If detecting neutrinos is so difficult, how do we have an estimate of how many of them pass through a cubic centimeter per second?
The number density of neutrinos in the universe is totally dominated by primordial neutrinos created in the big bang when leptons and photons were in thermal equilibrium. The density of these neutrinos now can be estimated in the context of the big bang model by assuming they cooled in the same way as photons (because they would have been ultra-relativistic and effectively massless particles in the early universe). There is thus a fixed relationship between the temperature and number density of the neutrinos and the photons that are present in the cosmic microwave background (CMB). This ratio depends a little bit on some details of the number of neutrino species and the precise value of the non-zero neutrino mass.

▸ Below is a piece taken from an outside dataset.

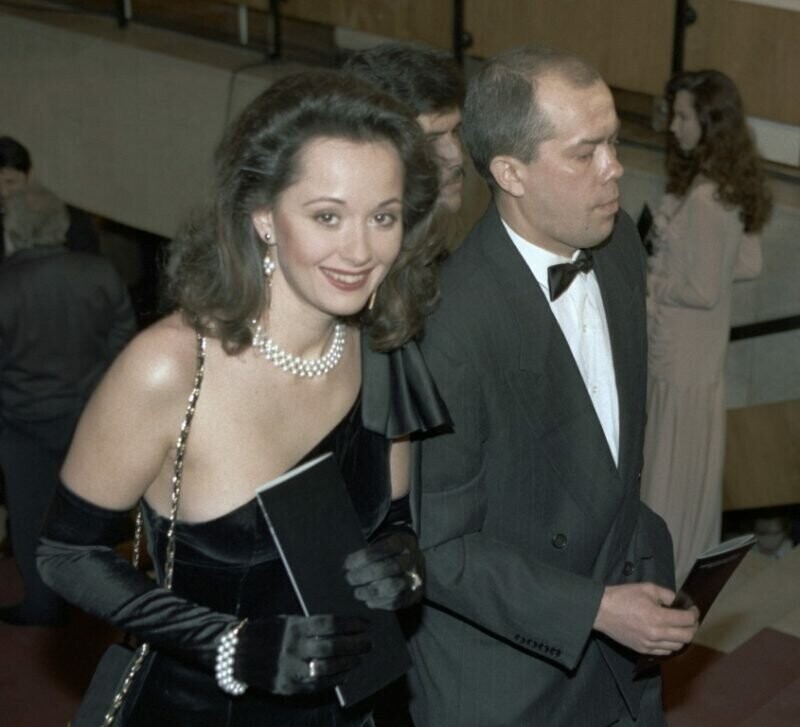 Ольга Кабо перед началом VI торжественной церемонии вручения профессиональных призов академии кинематографистов «Ника», 1993 год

The number density and temperature of photons in the CMB is well known and measured by various experiments and indirectly, this yields the predicted neutrino number density and temperature (actually a temperature may be meaningless if the neutrino mass is sufficiently high that they are currently not ultrarelativistic).
Thus it's a theoretical prediction. The primordial neutrinos have such low energies that they are almost impossible to detect. There is some indirect evidence that the prediction is in the right ballpark based on detailed analysis of the small anisotropies in the CMB.
Here is a list of a large number of neutrino experiments and on how they detect the neutrino. In mainstream physics there exists the standard model of particle physics (SM) that in general is very good in calculating the interactions expected in the accelerator experiments.
The cosmic experiments can measure neutrinos coming from the cosmos and can fit for the energy spectrum passing through the earth and the number of neutrinos per meter-squared per second .